DIRECTIONS FOR THIS TASK:
Reproduce the listing verbatim through the line with "Обложка: Sonny Clark - Dial 'S' For Sonny".
::: PROVIDED INFORMATION :::
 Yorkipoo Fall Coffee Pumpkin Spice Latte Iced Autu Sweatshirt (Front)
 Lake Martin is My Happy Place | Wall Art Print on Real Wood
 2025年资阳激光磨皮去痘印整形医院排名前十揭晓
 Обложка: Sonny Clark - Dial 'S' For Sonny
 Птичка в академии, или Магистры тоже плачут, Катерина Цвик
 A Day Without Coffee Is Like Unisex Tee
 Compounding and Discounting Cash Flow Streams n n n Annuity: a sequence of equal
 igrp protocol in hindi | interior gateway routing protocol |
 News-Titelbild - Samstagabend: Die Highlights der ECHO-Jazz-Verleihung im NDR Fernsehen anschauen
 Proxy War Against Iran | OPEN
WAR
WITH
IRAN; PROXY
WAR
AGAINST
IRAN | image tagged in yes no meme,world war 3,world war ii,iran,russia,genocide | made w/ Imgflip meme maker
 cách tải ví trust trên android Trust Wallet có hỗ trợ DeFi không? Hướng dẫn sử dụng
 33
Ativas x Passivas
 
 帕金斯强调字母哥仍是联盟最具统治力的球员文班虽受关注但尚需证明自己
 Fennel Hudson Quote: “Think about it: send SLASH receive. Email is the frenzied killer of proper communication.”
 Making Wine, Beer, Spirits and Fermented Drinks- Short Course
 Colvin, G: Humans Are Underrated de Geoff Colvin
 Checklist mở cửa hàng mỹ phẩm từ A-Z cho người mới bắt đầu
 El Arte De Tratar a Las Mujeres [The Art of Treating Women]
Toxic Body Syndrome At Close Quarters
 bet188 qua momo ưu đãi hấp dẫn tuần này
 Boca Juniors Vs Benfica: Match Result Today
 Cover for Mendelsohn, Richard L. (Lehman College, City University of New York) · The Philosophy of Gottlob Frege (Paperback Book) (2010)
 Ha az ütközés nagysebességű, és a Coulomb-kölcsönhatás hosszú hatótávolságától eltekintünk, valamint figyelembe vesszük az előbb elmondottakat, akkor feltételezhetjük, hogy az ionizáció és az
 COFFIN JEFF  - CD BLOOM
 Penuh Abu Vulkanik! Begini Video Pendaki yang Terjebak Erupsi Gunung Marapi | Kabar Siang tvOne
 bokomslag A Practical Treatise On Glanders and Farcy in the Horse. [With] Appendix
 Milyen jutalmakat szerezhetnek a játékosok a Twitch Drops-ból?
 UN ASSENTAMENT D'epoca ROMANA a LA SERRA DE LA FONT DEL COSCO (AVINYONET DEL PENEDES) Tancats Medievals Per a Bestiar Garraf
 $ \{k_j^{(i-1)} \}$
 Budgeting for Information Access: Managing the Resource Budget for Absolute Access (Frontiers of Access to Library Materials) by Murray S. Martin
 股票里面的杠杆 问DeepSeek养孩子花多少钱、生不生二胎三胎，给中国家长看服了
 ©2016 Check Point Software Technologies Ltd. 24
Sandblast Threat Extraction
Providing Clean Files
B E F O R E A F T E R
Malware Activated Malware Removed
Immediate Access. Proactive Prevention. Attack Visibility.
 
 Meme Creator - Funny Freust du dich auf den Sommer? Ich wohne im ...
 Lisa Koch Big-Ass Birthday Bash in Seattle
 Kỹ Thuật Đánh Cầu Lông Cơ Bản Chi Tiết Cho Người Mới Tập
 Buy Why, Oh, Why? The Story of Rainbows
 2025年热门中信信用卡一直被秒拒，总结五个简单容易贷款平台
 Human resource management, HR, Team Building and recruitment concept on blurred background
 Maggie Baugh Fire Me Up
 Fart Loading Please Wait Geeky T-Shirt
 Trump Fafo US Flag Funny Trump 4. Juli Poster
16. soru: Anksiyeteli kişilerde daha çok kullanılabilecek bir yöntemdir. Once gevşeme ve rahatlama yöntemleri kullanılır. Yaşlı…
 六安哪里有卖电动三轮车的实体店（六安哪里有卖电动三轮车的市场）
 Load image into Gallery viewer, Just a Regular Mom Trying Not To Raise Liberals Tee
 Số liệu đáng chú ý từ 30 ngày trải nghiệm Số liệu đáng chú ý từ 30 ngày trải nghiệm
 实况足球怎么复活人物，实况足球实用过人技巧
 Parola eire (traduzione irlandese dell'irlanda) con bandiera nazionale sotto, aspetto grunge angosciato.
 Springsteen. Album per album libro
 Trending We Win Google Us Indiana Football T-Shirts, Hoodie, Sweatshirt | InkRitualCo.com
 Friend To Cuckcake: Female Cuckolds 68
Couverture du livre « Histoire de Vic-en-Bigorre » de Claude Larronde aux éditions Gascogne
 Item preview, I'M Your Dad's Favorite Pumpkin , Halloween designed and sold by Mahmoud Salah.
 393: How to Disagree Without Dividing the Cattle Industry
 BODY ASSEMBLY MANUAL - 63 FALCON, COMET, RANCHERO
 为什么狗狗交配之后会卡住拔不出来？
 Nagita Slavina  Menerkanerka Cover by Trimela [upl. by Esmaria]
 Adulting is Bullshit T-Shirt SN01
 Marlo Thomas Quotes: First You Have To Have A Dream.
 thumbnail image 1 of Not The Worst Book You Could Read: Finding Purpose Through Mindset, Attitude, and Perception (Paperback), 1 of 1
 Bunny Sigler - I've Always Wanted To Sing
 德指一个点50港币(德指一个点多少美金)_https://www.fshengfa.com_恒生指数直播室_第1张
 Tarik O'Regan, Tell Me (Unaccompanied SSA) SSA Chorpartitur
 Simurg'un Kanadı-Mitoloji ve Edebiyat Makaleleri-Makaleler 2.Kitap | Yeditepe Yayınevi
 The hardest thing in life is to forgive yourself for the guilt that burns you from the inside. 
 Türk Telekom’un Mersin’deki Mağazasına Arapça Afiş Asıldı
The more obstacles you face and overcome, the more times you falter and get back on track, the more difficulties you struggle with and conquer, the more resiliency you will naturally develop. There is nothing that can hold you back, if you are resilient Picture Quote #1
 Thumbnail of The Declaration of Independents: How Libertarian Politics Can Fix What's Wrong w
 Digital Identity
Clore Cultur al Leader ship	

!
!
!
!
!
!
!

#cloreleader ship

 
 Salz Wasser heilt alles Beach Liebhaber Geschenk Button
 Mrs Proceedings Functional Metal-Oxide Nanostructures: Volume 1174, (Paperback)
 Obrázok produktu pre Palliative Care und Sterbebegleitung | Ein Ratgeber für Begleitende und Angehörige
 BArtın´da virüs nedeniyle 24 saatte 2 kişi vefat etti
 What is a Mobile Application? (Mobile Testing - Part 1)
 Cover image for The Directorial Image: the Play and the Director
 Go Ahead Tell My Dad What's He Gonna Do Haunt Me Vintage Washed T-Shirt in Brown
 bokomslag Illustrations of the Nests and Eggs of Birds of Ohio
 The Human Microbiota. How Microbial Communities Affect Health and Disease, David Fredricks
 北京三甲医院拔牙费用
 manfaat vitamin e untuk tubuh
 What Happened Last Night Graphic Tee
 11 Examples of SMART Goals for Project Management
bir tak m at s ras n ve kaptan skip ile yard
:::
TASK RESULT:
 Yorkipoo Fall Coffee Pumpkin Spice Latte Iced Autu Sweatshirt (Front)
 Lake Martin is My Happy Place | Wall Art Print on Real Wood
 2025年资阳激光磨皮去痘印整形医院排名前十揭晓
 Обложка: Sonny Clark - Dial 'S' For Sonny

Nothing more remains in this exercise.